According to the 1990 census, 79.4 percent of all Mexican households had access to running water, a notable improvement from the 61 percent and 70.3 percent rates recorded in 1970 and 1980, respectively. Significantly, however, access to running water did not necessarily mean indoor plumbing. Indeed, a household whose residents obtained water from a piped system elsewhere on the property or from a public faucet were considered to have access to running water. In addition, the census did not measure the quality or quantity of piped water. Many lower-class communities had access only to untreated running water, and even that for only a portion of each day.
Even using the broad definition of access to running water, wide variations emerged. Four states in southern Mexico--Chiapas, Oaxaca, Guerrero, and Tabasco--reported access levels below the 1970 national average. Access to running water was especially low in rural communities. Only 48.1 percent of all communal farming communities or ejidos (see Glossary) nationwide reported access in 1988, with levels below 30 percent for ejidos in Veracruz and Yucatán, and below 40 percent for ejidos in Chiapas, San Luis Potosí, Tabasco, and Tamaulipas (see Rural Society, this ch.).
Similar variations also were evident in a number of other social indicators. Nationally, 63.6 percent of all households had indoor plumbing in 1990, as compared with 41.4 percent and 50.7 percent in 1970 and 1980, respectively. However, indoor plumbing rates ranged from more than 90 percent in Mexico City to less than 40 percent in Oaxaca and Chiapas. National household access to electricity climbed from 58.9 percent in 1970 to 74.4 percent in 1980 and to 87.5 percent in 1990. Yet although Aguascalientes, Nuevo León, and Mexico City reported rates exceeding 95 percent in 1990, less than 70 percent of all Chiapas households had electricity. Only 68.3 percent of all ejido communities had electricity in 1988, with rates below 60 percent for ejidos in Chiapas, San Luis Potosí, Veracruz, and Yucatán, and below 50 percent for ejidos in Chihuahua.

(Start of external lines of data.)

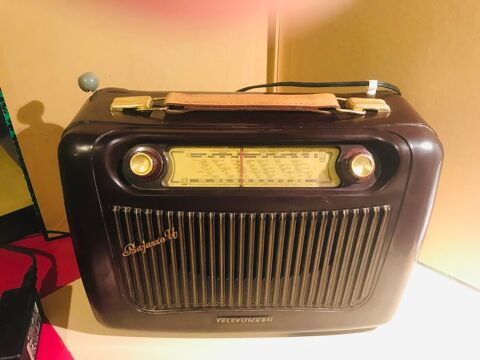 RADIO BAKELITE VINTAGE TELEFUNKEN BAJAZZO Transforme FM BT! 85 vecquemont (78)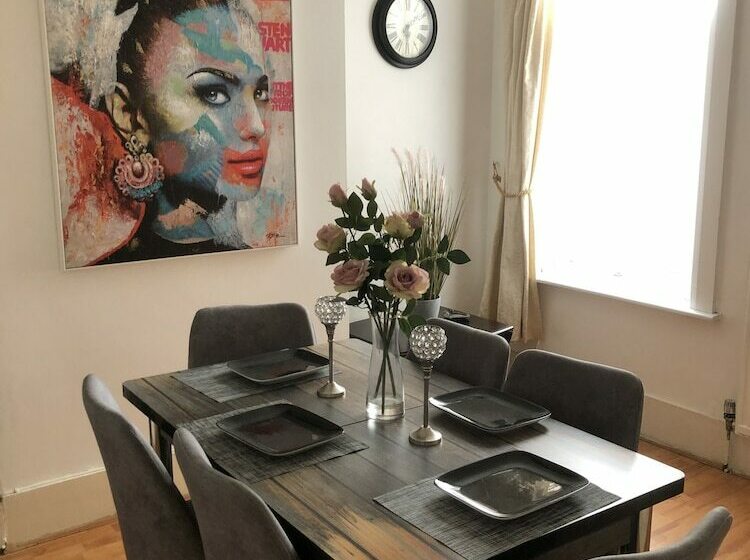 住所  Lovely 3bed House In Gillingham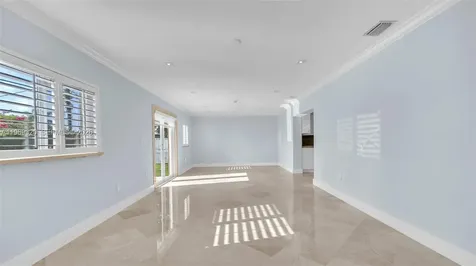 2900 SW 92nd Avenue Miami FL 33165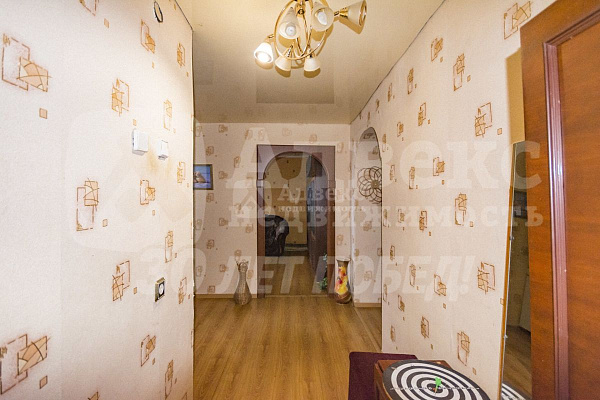 Квартира 4-комн., 90 м²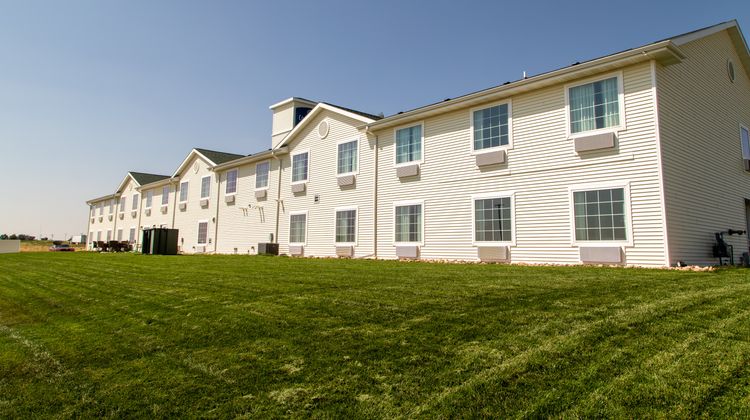 Cobblestone Inn & Suites Exterior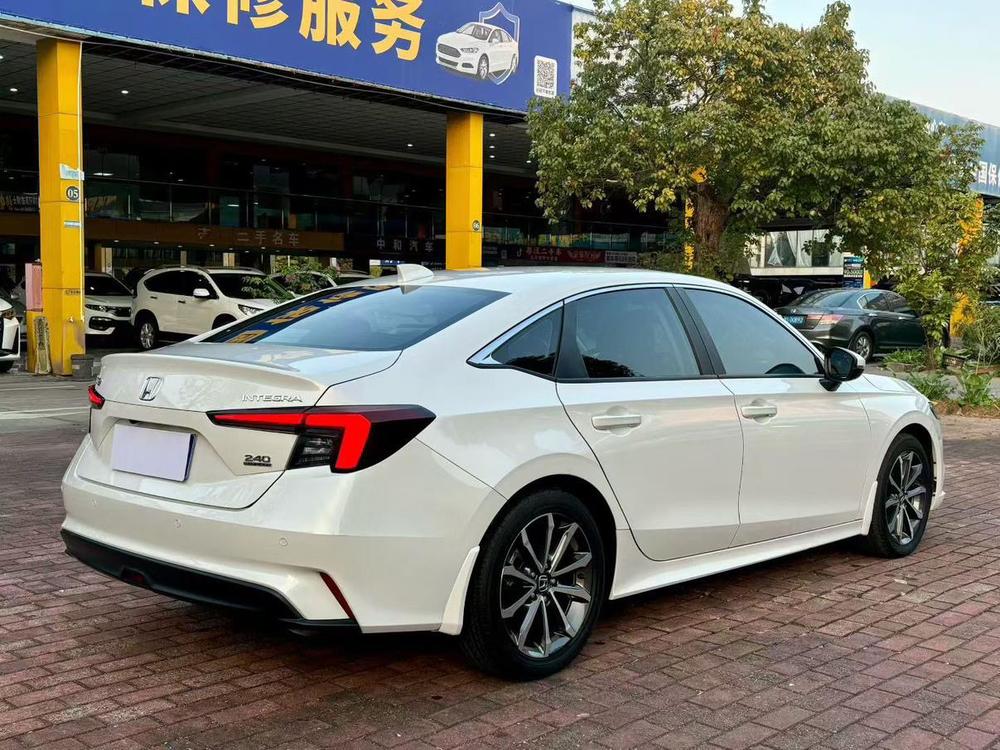 Honda Inspire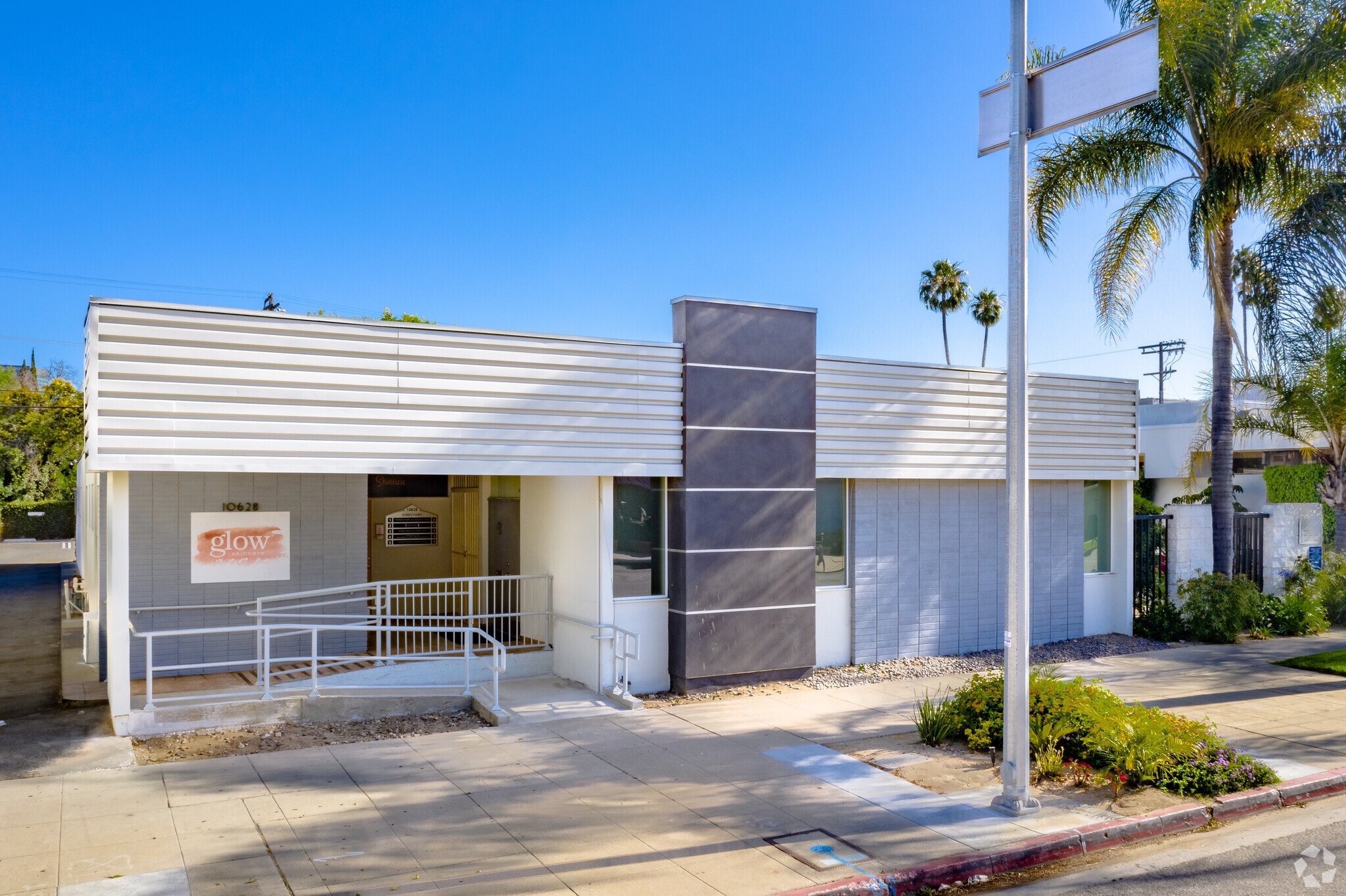 10628 Riverside Dr, Toluca Lake, CA for lease Primary Photo- Image 1 of 4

Finally, 19.5 percent of all households had dirt flooring in 1990, a notable improvement from the 41.1 percent average in 1970 and the 25.8 percent average in 1980. Again, however, jurisdictions reported enormous disparities. Although Mexico City and five northern states--Aguascalientes, Baja California, Coahuila, Chihuahua, and Nuevo León--had levels below 10 percent, more than 40 percent of all households in the southern states of Chiapas and Guerrero and more than 50 percent of all households in Oaxaca had dirt floors.